Persistent cookies and absolute expiry times

You may want to make the cookie expire be remembered over browser sessions. You may also want an absolute expiry to the identity and the cookie transporting it. You can do these things by using the AuthenticationProperties parameter on the HttpContext.Authentication.SignInAsync method called when signing in an identity and creating the cookie. The AuthenticationProperties class is in the Microsoft.AspNetCore.Http.Authentication namespace.

For example;

await HttpContext.Authentication.SignInAsync(
       "MyCookieMiddlewareInstance",
       principal,
       new AuthenticationProperties
       {
           IsPersistent = true
       });

This code snippet will create an identity and corresponding cookie which will survive through browser closures.
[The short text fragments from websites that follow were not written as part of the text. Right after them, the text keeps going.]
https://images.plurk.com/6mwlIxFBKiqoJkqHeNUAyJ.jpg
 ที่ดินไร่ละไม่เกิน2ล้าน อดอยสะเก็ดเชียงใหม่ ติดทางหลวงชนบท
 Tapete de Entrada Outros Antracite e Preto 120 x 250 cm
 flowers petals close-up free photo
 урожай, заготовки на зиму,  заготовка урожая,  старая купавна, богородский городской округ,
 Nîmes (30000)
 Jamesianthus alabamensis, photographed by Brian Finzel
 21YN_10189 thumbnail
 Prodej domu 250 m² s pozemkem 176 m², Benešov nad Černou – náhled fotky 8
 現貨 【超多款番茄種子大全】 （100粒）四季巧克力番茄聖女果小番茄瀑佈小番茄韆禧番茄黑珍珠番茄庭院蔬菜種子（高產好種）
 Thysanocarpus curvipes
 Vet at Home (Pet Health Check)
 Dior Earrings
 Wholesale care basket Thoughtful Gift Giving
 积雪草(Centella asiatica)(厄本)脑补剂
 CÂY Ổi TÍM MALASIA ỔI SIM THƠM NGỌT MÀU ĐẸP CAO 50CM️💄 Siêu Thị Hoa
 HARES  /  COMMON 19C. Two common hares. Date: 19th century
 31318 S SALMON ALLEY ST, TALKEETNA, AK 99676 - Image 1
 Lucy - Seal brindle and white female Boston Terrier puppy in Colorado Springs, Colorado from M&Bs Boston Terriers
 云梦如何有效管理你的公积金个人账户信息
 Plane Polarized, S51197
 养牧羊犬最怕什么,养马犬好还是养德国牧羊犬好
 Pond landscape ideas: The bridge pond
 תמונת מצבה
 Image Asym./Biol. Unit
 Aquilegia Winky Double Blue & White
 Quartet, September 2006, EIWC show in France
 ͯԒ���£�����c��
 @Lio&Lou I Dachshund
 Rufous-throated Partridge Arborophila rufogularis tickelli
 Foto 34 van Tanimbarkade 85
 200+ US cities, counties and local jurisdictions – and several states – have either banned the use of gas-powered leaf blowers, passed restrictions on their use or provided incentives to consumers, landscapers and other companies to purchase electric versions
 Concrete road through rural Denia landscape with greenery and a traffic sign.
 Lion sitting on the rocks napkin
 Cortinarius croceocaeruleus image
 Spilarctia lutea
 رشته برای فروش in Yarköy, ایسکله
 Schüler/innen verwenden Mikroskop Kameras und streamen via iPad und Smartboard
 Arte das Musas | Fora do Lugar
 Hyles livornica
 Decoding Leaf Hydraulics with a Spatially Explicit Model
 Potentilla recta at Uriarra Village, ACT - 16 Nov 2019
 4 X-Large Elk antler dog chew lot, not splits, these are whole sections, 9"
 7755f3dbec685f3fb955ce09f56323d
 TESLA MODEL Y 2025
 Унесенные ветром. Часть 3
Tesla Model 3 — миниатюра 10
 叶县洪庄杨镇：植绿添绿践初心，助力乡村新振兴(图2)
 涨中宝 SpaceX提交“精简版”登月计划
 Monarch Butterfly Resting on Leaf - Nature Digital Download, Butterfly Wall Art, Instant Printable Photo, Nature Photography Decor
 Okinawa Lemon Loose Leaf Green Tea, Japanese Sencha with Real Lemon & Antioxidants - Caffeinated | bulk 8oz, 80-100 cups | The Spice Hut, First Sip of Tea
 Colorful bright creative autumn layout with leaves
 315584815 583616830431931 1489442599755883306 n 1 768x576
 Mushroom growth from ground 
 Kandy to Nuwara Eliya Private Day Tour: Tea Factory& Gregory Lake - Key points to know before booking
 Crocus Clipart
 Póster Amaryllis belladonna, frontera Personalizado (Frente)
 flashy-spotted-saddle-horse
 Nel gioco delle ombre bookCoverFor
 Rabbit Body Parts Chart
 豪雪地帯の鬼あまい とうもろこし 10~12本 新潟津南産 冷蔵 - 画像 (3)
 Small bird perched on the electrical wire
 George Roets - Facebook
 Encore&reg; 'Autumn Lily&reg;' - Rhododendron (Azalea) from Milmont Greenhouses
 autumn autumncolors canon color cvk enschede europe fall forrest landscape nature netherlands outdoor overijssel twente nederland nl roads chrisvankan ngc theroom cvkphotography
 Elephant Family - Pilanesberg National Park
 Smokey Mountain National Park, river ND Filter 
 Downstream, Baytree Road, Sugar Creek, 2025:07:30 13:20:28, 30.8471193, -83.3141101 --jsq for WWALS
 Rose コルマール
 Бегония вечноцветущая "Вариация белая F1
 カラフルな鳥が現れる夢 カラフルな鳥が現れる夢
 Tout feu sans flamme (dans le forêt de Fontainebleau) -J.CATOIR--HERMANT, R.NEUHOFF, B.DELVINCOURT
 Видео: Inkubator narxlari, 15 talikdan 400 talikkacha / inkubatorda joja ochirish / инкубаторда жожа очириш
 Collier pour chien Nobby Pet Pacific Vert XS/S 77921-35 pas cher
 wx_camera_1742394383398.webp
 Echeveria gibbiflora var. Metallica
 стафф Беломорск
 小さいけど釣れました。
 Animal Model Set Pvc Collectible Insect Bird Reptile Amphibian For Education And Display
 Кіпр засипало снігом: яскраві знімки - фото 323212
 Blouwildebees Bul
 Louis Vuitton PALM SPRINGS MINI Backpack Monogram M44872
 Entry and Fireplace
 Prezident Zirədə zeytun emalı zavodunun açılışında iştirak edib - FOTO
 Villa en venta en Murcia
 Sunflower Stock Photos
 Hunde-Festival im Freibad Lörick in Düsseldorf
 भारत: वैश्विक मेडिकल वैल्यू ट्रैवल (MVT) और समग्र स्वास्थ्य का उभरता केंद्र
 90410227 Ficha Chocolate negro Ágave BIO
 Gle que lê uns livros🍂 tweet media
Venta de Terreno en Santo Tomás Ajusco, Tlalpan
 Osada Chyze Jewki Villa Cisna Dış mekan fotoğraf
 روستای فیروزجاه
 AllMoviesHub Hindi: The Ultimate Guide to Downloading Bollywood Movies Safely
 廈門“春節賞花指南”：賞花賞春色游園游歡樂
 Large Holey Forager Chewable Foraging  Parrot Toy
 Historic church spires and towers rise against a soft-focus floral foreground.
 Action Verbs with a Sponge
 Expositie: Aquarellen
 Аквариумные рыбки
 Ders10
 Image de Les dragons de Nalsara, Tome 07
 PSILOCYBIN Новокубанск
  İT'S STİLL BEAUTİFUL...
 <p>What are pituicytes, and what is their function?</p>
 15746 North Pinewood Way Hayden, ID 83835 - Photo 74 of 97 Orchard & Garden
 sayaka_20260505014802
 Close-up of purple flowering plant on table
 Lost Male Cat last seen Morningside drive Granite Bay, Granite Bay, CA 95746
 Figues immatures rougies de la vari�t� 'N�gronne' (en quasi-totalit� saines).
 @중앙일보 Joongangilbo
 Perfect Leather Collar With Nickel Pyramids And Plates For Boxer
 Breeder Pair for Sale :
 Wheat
Any sliding expiration settings previously configured via cookie options will still be honored, if the cookie expires whilst the browser is closed the browser will clear it once it is restarted.

await HttpContext.Authentication.SignInAsync(
       "MyCookieMiddlewareInstance",
       principal,
       new AuthenticationProperties
       {
           ExpiresUtc = DateTime.UtcNow.AddMinutes(20)
       });

This code snippet will create an identity and corresponding cookie which will last for 20 minutes. This ignores any sliding expiration settings previously configured via cookie options.

The ExpiresUtc and IsPersistent properties are mutually exclusive.